[RECORDS TO USE Boundary: Start]

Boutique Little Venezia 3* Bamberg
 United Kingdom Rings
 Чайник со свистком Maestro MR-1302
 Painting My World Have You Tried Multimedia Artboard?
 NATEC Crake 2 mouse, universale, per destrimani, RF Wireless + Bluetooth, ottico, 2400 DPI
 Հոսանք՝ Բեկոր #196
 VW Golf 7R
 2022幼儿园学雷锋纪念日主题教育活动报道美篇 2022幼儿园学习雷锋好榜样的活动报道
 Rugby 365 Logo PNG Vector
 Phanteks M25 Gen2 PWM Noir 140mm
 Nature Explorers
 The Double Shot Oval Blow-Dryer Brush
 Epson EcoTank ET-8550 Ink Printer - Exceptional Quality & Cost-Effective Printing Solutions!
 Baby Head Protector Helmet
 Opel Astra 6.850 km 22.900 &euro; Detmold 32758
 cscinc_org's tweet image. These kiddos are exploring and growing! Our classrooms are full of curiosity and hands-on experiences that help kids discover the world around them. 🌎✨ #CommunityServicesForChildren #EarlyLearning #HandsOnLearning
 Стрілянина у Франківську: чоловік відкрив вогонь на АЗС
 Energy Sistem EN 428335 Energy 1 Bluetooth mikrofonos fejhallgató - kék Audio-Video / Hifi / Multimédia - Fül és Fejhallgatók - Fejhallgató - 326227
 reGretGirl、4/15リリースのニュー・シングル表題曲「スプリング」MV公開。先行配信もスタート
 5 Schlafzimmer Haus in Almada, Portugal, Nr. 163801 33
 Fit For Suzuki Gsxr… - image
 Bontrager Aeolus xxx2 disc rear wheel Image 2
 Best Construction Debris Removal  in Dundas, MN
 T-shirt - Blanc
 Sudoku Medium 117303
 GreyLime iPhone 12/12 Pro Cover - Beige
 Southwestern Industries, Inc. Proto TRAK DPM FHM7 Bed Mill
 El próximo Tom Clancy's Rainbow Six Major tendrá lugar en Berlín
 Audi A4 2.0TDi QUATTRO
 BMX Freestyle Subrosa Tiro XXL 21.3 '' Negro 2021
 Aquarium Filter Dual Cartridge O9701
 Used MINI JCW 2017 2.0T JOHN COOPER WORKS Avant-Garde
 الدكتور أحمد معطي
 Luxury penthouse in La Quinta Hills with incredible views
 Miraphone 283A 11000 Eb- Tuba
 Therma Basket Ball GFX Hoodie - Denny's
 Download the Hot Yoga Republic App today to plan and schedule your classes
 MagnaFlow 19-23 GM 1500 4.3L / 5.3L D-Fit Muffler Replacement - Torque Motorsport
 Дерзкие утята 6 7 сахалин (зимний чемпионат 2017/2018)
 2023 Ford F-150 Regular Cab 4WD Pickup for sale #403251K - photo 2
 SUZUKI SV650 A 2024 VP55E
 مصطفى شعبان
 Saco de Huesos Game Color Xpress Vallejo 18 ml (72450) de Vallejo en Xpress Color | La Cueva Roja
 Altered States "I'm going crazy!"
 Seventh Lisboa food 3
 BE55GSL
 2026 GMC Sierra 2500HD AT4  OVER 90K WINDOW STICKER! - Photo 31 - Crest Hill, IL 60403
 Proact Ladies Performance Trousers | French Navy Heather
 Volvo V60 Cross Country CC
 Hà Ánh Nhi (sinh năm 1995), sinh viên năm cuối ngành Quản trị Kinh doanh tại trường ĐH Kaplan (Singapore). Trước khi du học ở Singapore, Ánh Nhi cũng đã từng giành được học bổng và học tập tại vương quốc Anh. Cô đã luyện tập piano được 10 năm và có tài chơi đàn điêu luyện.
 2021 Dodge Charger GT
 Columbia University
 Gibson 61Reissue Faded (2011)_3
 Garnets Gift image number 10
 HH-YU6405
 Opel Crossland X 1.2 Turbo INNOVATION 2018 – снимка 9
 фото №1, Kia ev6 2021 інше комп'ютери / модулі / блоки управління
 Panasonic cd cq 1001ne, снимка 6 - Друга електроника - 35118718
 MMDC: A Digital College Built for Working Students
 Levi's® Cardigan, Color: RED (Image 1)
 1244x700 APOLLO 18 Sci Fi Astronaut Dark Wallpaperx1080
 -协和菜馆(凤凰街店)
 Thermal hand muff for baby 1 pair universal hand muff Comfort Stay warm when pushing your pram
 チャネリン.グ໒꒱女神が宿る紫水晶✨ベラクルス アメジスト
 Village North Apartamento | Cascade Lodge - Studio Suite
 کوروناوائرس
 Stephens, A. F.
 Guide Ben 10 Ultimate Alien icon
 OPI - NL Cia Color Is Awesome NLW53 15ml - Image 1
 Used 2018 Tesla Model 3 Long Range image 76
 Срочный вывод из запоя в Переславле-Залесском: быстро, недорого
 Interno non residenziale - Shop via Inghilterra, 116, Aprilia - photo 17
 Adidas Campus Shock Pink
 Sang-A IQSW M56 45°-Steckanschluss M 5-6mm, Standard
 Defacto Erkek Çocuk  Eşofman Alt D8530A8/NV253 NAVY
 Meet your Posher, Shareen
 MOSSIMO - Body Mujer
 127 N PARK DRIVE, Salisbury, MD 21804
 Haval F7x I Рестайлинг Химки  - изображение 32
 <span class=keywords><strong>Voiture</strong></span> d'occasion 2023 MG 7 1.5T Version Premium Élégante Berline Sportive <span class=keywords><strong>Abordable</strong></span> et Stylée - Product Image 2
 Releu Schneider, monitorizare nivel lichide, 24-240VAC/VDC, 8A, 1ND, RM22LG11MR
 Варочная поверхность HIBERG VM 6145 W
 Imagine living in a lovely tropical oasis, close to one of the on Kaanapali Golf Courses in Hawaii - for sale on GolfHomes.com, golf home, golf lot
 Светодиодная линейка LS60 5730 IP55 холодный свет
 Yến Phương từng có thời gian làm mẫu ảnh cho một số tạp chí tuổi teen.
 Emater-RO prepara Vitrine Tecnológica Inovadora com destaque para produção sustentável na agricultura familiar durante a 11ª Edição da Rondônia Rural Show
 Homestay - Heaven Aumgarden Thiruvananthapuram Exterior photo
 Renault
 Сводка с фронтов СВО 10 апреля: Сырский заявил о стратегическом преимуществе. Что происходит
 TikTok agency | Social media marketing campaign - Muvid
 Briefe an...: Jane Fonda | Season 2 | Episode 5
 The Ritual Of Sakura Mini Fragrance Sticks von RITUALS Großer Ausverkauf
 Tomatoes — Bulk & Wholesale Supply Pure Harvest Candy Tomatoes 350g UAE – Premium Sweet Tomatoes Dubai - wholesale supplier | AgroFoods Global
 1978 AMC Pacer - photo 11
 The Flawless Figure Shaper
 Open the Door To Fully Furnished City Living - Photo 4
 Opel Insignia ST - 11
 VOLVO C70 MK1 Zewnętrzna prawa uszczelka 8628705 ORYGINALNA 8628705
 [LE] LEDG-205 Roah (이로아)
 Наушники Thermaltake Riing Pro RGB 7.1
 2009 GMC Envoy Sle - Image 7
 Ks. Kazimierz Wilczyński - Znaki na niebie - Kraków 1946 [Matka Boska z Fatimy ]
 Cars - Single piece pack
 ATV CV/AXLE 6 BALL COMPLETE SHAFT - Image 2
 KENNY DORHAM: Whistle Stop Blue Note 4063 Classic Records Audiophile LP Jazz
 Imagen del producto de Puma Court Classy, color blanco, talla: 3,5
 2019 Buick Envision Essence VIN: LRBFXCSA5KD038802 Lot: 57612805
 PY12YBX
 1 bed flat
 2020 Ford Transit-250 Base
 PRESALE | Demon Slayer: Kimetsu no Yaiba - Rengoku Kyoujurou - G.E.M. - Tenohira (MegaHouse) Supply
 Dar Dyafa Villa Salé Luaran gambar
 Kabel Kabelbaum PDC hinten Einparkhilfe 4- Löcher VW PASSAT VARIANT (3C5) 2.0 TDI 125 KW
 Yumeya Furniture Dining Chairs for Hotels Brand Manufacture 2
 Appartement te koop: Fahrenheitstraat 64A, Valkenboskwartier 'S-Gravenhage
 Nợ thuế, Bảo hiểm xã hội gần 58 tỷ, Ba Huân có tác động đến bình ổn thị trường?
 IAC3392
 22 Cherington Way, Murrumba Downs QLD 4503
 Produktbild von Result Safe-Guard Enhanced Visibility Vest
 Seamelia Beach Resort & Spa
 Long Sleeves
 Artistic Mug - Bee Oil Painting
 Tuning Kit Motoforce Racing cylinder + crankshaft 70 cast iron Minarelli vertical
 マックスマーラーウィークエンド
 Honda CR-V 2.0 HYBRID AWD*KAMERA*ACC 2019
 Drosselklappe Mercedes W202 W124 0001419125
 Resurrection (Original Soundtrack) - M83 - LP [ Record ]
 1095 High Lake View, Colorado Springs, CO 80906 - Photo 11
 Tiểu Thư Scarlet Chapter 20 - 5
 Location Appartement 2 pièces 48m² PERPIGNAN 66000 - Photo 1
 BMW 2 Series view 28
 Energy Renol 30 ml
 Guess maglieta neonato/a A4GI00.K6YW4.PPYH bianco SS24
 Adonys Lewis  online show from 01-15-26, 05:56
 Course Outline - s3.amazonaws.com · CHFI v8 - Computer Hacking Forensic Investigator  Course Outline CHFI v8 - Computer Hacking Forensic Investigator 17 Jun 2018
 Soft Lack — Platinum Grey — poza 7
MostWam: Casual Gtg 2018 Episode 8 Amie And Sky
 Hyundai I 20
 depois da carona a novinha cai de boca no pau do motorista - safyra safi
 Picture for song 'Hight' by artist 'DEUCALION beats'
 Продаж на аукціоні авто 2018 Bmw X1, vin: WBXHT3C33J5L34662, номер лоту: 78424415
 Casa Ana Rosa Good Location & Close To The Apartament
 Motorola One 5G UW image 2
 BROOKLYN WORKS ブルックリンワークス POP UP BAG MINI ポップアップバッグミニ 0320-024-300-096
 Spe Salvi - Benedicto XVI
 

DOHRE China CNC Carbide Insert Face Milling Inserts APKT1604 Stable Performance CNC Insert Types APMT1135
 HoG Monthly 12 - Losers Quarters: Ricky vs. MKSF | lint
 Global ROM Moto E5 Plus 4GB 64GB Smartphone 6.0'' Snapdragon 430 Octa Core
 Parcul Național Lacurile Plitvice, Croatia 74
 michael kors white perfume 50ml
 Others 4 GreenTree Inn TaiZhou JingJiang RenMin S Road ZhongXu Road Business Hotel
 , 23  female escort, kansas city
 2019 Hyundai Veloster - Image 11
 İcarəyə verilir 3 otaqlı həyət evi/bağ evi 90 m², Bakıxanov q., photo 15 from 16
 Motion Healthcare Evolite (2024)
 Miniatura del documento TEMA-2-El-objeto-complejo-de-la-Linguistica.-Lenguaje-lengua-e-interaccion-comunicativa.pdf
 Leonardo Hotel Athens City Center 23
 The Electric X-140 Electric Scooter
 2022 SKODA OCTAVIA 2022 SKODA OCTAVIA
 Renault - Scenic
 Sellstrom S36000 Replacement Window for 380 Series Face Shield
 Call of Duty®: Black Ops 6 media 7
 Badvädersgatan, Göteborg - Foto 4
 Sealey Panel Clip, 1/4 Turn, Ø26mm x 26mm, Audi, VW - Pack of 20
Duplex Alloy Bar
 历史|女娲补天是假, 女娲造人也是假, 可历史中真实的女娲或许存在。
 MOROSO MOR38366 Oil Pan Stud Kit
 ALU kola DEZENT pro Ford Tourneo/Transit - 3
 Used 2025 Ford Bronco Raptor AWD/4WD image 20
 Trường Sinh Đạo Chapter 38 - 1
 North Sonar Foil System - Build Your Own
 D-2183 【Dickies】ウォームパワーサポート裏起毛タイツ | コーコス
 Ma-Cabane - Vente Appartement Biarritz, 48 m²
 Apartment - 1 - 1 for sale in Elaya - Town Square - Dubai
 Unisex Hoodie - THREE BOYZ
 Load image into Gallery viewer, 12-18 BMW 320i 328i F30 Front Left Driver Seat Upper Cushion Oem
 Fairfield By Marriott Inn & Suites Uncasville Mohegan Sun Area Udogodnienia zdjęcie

[RECORDS TO USE Boundary: End]

REQUIREMENT =>
Copy out, from the records above, every line that holds the string "Location".

THE COMPLETED TASK =>
 Location Appartement 2 pièces 48m² PERPIGNAN 66000 - Photo 1
 Casa Ana Rosa Good Location & Close To The Apartament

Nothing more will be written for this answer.